An der VP decken wir uns großzügig mit Wasser ein. Es geht weiter nach rechts und wir treffen auf die Straße nach Bergün. Es geht bergauf und so nehmen wir unseren Wechsel von Gehen und Laufen wieder auf. Helfer leiten uns auf einen breiten Wanderweg und nach einer Brücke auf einen Trail in den Wald. Meist im Schatten geht es nun bergauf, bergauf und wieder bergauf. Trotz des Schattens ist es schrecklich heiß. Jedes Bächlein wird genutzt, um wenigstens die Hände zu kühlen. Eine VP mit Wasser mitten im Wald schafft Linderung. Und weiter geht es hinauf. Meine Beine sind so steif, dass mir Laufen zurzeit unmöglich scheint.

Von einem Aussichtspunkt können wir plötzlich einen Blick auf Bergün werfen. Aber Bergün liegt unter uns! Dann kommt die Weiche für die Läufer des C42. Sie müssen rechts den Berg noch weiter hinauf, wir dürfen links auf dem Hauptweg den Berg hinunter. Wider Erwarten funktioniert das Laufen doch noch.

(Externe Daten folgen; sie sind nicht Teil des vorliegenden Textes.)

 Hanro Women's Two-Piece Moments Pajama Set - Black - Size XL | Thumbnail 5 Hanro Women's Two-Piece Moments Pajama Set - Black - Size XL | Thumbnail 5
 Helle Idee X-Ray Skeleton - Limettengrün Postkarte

Bald erreichen wir die Stelle, wo der K42 einmündet. Dieser Lauf wurde um 10 Uhr 30 bzw. um 11 Uhr 30 in 2 Gruppen gestartet, und die Läufer sind hier bereits alle durch. So können wir ungehindert unseres Weges laufen. Bergün kommt in Sicht und wir laufen immer noch bergab, bis wir sogar wieder unterhalb davon sind. Mist - jetzt dürfen wir nochmal bergauf, um die ersehnte Verpflegung zu erreichen.

Ein Helfer bringt mir meine deponierte Tasche,  auf einer Bank ist noch Platz. Ich wechsle von Straßen- auf Trailschuhe und ziehe trotz der Hitze eine Weste über. Die habe ich vorher mit diversen Utensilien ausgestattet: Windjacke, Rettungsdecke, Gel, Salz und Taschentücher. Als wir vor 2 Jahren auf dem K42 unterwegs waren, bin ich am Berg bei unerwartet niedrigen Temperaturen und starkem Regen fast erfroren. Das passiert mir heute nicht!

Jetzt kann ich mich endlich der Verpflegung widmen. Ich trinke drei Becher und esse, bis ich nicht mehr kann. Dann geht es weiter in die City von Bergün. Der Lauf führt auf der Hauptstraße mitten durch die engstehenden Häuser des Ortskerns. Weil die meisten Läufer schon durch sind, hält sich die Anzahl der Fans in Grenzen. Die, die aber noch da sind, spenden uns frenetischen Beifall. Ein Moderator stellt alle Vorbeikommenden vor. Es sind auch noch Finisher des C42 dabei, die hier ihr Ziel haben. Ich bin nun knapp 5h30 unterwegs.